Lyle Ashton Harris’ Blow Up series (2004 to present) draws from his personal archive of thousands of 35mm Ektachrome photographs taken between 1986 and 1996, which document intimate moments with his friends, lovers, and members of the wider LGBTQ community during the second wave of AIDS activism. In these works, Harris collages his own images amid ephemera from clubs, protests and the ballroom scene; newspaper and magazine clippings; postcards and other memorabilia, and layers them in a functional nostalgia that surveys his own past a marker of our collective memory. The collages become abstract personifications of Harris himself—who appears, in drag, throughout the assorted imagery—and challenge their viewer to mine the rich subject matter, read the clippings, and travel through this visual archive as a recent history of queerness. The works will all be new, from within the last year.

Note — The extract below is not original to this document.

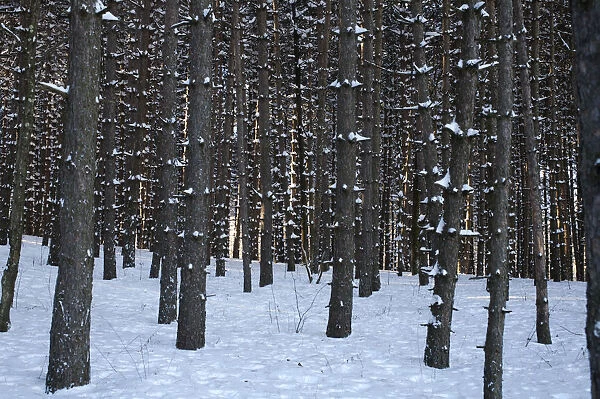Pine tree forest in the snow, Shefford, Eastern Townships, Quebec Province, Canada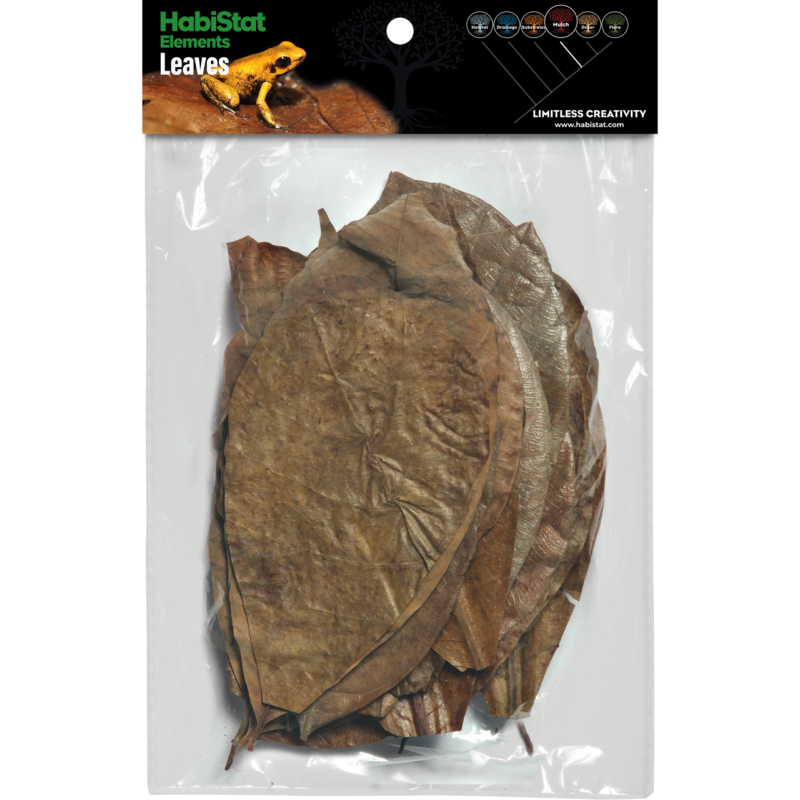 Mélange de Feuilles x30 pour terrarium tropical vente en ligne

Kalup Linzy assumes the role of Katonya—a recurring artist-character from his pantheon of nearly thirty personalities—in an ongoing, live performance during the week of Art Basel Miami Beach. Set up in the fair booth with a drafting station, Kalup-cum-Katonya will be present each day for one hour, drawing and sketching pieces that will be later shown and available for sale in the booth. Noting Lyle Ashton Harris as one of his earliest influences, drag as medium is central to the way Linzy constructs narratives: He dramatizes the goings-on of the New York art world and his rural Florida upbringing through the lens of soap operas, reality television and Hollywood drama, taking on most of the roles himself. Outfitted in dress and blonde wig, Linzy’s performance as Katonya enacts the economies of the art world at-large, exemplifying his greater practice and the multi-hyphenate means through which uncommon representations find their way into conventional acceptance.
Xaviera Simmons embodies fugitive stories of nomadism, movement and displacement across her work in photography and performance. She is often the subject of her pieces, inserting herself into Americana and histories of the Deep South, the Wild West, refugee boatlifts, and others. In her Characters in Landscape series, a body of work Simmons has undertaken for nearly fifteen years, she performs characters rooted in the historical narratives of their sites. In these images, Simmons evidences each site with her presence and often reveals her role as photographer, pictured with cameras or amid arrangement of images that cast her on both sides of the picture plane. In her inexhaustible transformations, costume-changes, and posturings, Simmons possesses and turns the male gaze inwardly towards herself, and propositions new readings of the codes of conduct that govern cultures, both dominant and peripheral alike. The photographs will all be new, from within the last year.
Together, these bodies of work instigate urgent questions about common (and uncommon) representations of race, sexuality, and gender, and the power these identifiers have in defining society at-large. In their transformations, the artists each queer themselves and their practices along fluctuating threads of meaning between here and there, us and them, then and now. Harris, Linzy and Simmons each direct their gazes back to the viewer as their work—and they, by proxy—are, in return, gazed upon.